What is The New Yorker? I know it’s a great magazine and that it’s a tremendous source of pleasure in my life. But what exactly is it? This blog’s premise is that The New Yorker is a work of art, as worthy of comment and analysis as, say, Keats’s “Ode on a Grecian Urn.” Each week I review one or more aspects of the magazine’s latest issue. I suppose it’s possible to describe and analyze an entire issue, but I prefer to keep my reviews brief, and so I usually focus on just one or two pieces, to explore in each the signature style of its author. A piece by Nick Paumgarten is not like a piece by Jill Lepore, and neither is like a piece by Ian Frazier. One could not mistake Collins for Seabrook, or Bilger for Goldfield, or Mogelson for Kolbert.
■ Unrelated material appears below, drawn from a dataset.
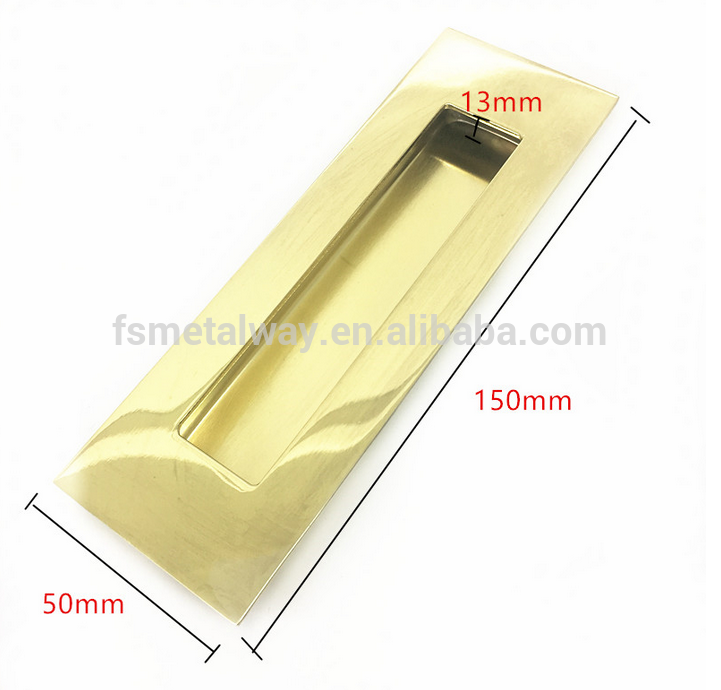 Stainless steel cabinet concealed handles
Each has found a style, and it is that style that I respond to as I read, and want to understand and describe.

Wednesday, October 17, 2018

October 15, 2018 Issue


This week’s issue contains one of the coolest, neatest, most delightful Talk stories I’ve ever read – Michael Schulman’s “Grasshopper.” It’s about a visit that actor Daniel Radcliffe recently paid to The New Yorker’s offices “to try his own hand at fact-checking.” Radcliffe is currently playing a fact-checker in the Broadway play The Lifespan of a Fact, based on Jim Fingal and John D’Agata’s book of the same name. (I haven’t read this book, but I know of it through a memorable review by Jennifer B. McDonald, published in the Times a few years ago, in which she called D’Agata’s championing of belief over fact “hogwash”: see my post here.)

In Schulman’s piece, Radcliffe reports to the office of New Yorker head fact-checker, Peter Canby. Canby gives him “a soon-to-run review of Oxomoco, a Mexican restaurant in Greenpoint, Brooklyn” to fact-check. I smiled when I read that; I recognized the piece – Hannah Goldfield’s “Tables For Two: Oxomoco,” which appeared in last week’s New Yorker: see my brief comment here.
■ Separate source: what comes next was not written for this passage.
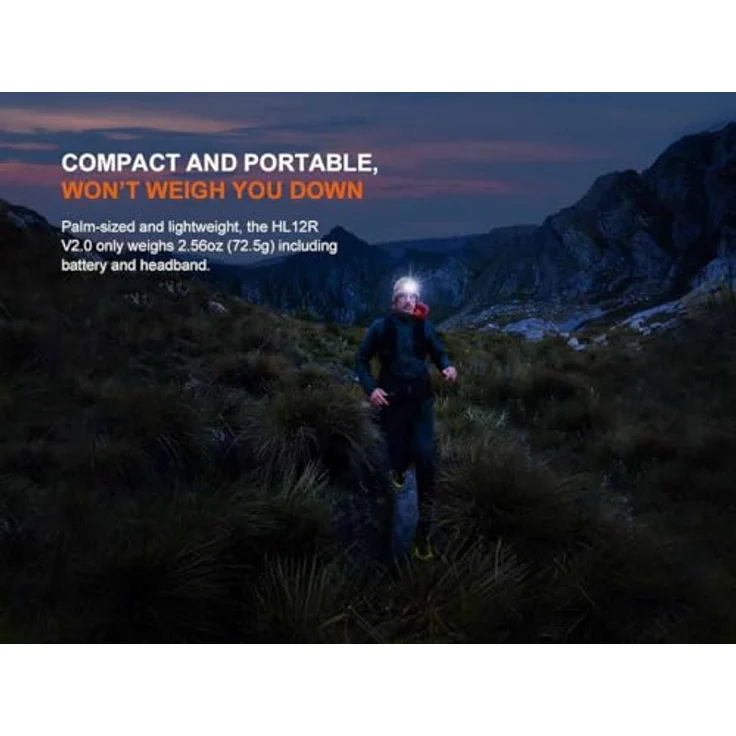 Fenix HL12R V2.0, Lila Wiederaufladbare Outdoor Stirnlampe mit 500 Lumen, 125 m Reichweite, 112 Stunden Akkulaufzeit, IP66, mit weißem und rotem Strahl – Bild 4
My favorite part in “Grasshopper” is Radcliffe’s fact-checking phone call to Oxomoco chef, Justin Bazdarich:

He took a breath. “Moving along: you also serve a beef-tartare tostada? (Correct.) “And that has some fried grasshopper on it?” (Actually, the insect is toasted over a wood fire, Bazdarich said. Radcliffe, his pencil trembling, scribbled “toasted.”) “And is that a whole grasshopper you get with each one, or is it sort of segments?” (Whole, but sometimes they break apart.) “Would it be correct to say that meat is a major theme?” Bazdarich seemed skeptical. Radcliffe, panicking, added, “Don’t worry, it is also made mention of that vegetarians or pescatarians can be very, very happy at your restaurants.”


That passage made me laugh out loud. The sentence that Radcliffe fact-checked, changing “fried” to “toasted,” is the very one I selected in my post last week as the only inspired sentence in the entire issue: “Its garnish of identifiable segments of toasted grasshopper was not for the faint of heart, but it rewarded the brave, with a flavor that went from nutty to bitter to honeyed.”
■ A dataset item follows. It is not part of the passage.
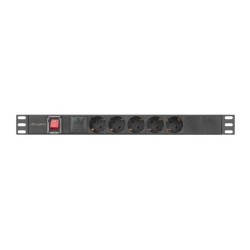 Lanberg PDU-05F-0200-BK rozdzielacz zasilania PDU 5 x gniazdo sieciowe 1U Czarny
“Grasshopper” ends brilliantly:

Radcliffe hung up and exhaled. “I just fact-checked a fucking article!” he said. “Nothing I do today will be harder than that.” A few days later, a New Yorker fact checker called Radcliffe to verify the above account. “Very meta,” he said. Everything checked out, except that he had been drinking a cappuccino, not a latte, and he has, in point of fact, been to Mexico.

Move over Ian Frazier’s “Russophilia,” Nick Paumgarten’s “Bong Show,” Mark Singer’s “All-Nighter,” Laura Parker’s “Bee’s Knees,” Robert Sullivan’s “Say Cheese,” make room for another Talk classic – Michael Schulman’s superb “Grasshopper.”